- [Task input]:
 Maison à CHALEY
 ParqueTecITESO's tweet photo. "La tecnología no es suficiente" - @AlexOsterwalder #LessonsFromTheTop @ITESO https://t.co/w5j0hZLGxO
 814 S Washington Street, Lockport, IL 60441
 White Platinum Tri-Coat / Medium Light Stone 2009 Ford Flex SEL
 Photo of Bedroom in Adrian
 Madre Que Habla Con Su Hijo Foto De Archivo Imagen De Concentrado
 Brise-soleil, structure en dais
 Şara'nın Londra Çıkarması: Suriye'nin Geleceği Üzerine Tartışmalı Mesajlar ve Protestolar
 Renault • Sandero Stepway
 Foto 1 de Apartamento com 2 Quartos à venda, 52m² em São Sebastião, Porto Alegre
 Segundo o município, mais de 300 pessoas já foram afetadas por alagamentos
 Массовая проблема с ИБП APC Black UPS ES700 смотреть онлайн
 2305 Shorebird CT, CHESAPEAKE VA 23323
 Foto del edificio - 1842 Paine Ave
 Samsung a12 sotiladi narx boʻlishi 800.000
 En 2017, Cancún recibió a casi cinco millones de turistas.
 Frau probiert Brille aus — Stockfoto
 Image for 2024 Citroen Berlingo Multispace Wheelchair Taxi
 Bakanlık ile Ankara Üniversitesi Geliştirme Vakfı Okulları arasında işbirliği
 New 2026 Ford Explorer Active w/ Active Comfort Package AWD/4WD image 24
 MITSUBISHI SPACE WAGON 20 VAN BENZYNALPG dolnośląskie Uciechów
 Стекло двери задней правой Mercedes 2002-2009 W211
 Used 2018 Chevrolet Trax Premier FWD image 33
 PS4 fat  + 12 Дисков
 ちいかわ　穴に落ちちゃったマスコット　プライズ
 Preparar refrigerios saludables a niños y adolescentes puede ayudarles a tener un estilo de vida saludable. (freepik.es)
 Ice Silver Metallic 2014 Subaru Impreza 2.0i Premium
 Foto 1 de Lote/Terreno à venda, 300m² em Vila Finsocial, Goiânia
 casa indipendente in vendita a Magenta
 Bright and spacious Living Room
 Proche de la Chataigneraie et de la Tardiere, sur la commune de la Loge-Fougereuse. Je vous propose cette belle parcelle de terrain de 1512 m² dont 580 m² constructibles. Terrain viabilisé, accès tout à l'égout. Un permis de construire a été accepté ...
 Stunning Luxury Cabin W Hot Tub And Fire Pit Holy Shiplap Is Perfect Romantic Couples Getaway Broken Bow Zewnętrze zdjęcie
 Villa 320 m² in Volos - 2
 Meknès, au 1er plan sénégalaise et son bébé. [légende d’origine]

- [Problem to solve]:
Reproduce every line above containing "Ford".

- [Exercise response]:
 White Platinum Tri-Coat / Medium Light Stone 2009 Ford Flex SEL
 New 2026 Ford Explorer Active w/ Active Comfort Package AWD/4WD image 24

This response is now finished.